### TASK TO CARRY OUT
How do the lines read from the one holding "Ženský fertuch z" through the last line of the listing? Set them down exactly, pictures omitted.

### DATA BLOCK
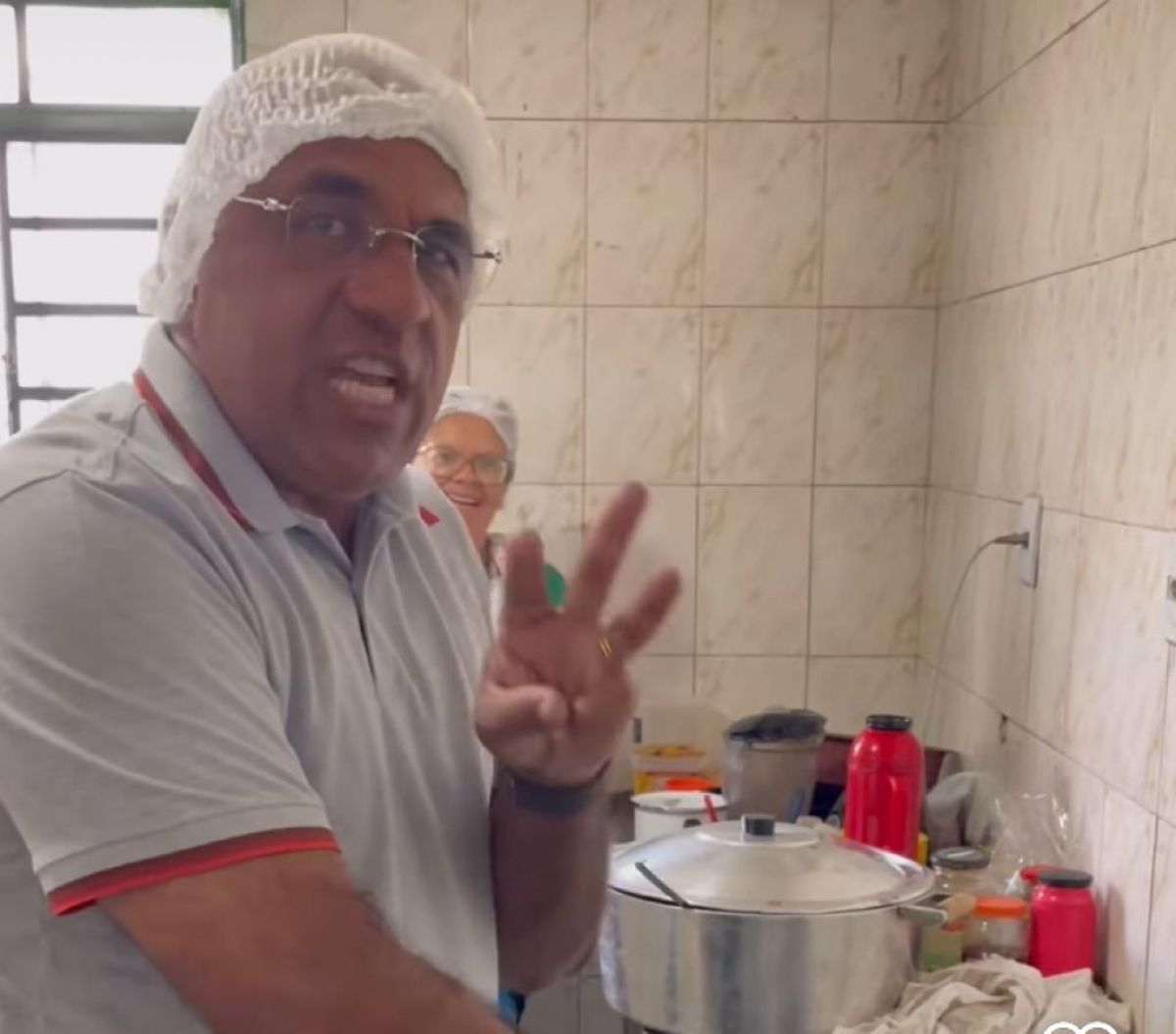 Deputado federal debocha de Rogério Cruz nas redes sociais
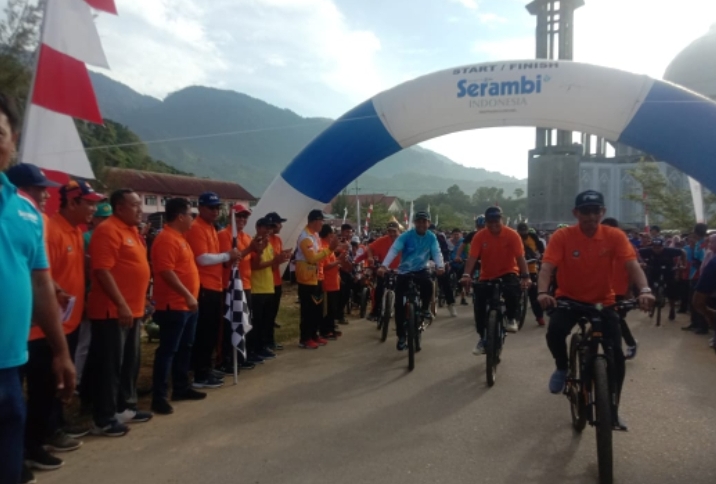 Bupati Aceh Selatan Lepas Ribuan Peserta Fun Bike dan Fun Walk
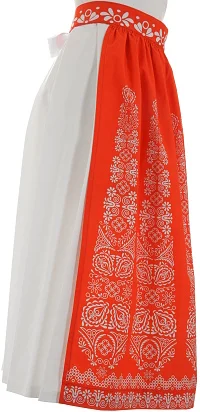 Ženský fertuch z folklórnej červenej látky s potlačou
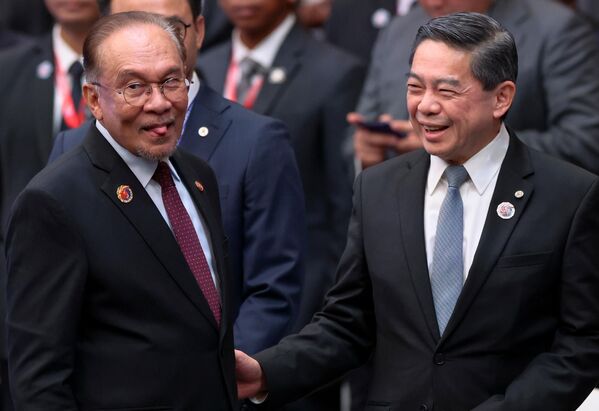 Свадебный футбол и пикантный заплыв ведьм: итоги недели в 10 забавных кадрах Свадебный футбол и пикантный заплыв ведьм: итоги недели в 10 забавных кадрах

### EXPECTED OUTPUT
 Ženský fertuch z folklórnej červenej látky s potlačou
 Свадебный футбол и пикантный заплыв ведьм: итоги недели в 10 забавных кадрах Свадебный футбол и пикантный заплыв ведьм: итоги недели в 10 забавных кадрах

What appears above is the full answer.